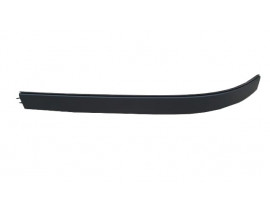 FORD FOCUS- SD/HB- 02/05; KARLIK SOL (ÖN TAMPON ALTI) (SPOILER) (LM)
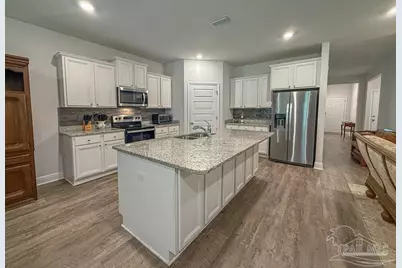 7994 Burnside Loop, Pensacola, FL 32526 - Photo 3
--
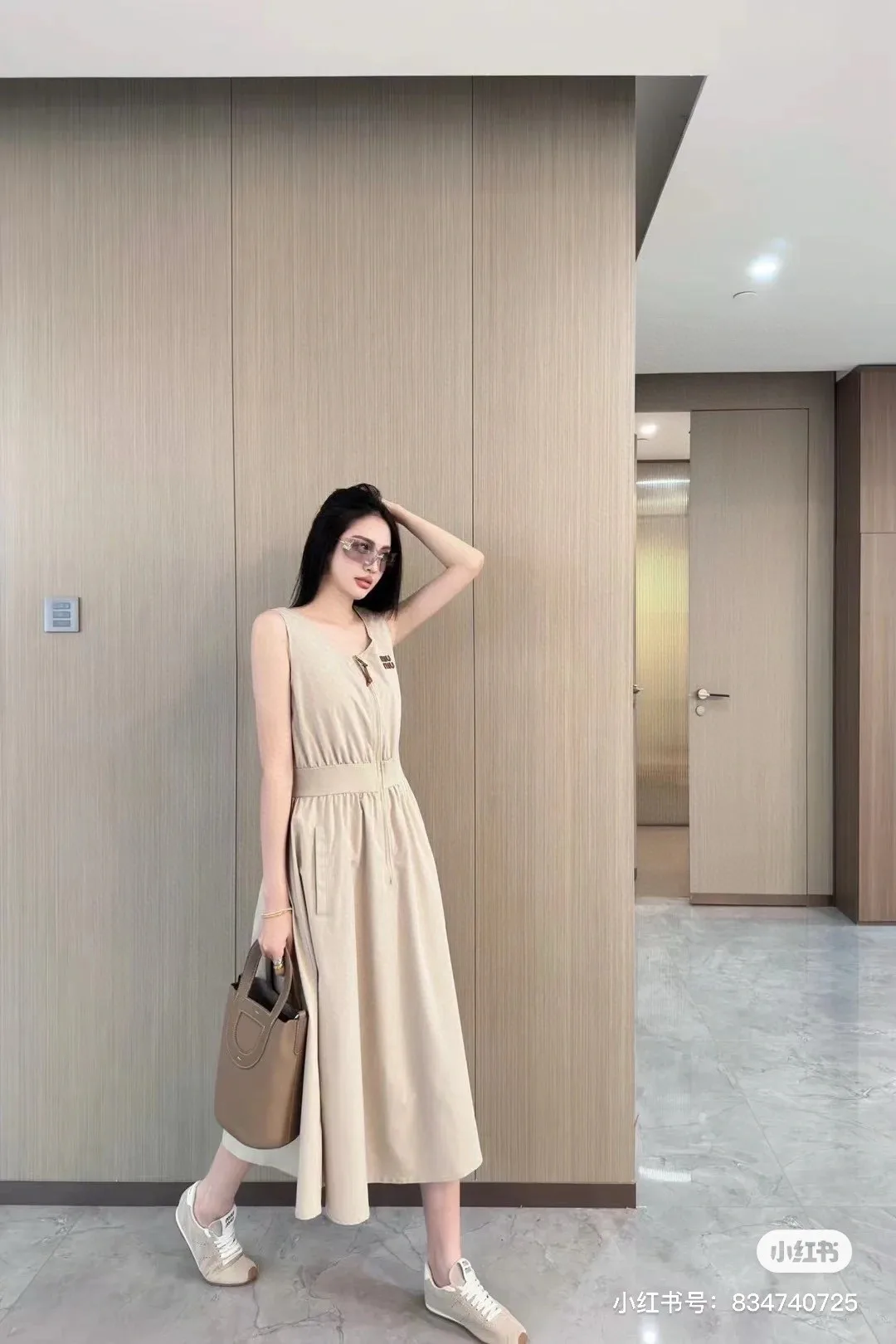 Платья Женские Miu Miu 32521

### Work request
Look above for the line with "FORD FOCUS- SD/HB- 02/05;" and copy exactly from it through the line with "7994 Burnside Loop, Pensacola, FL", both included. Omit the pictures.

### Answer space
 FORD FOCUS- SD/HB- 02/05; KARLIK SOL (ÖN TAMPON ALTI) (SPOILER) (LM)
 7994 Burnside Loop, Pensacola, FL 32526 - Photo 3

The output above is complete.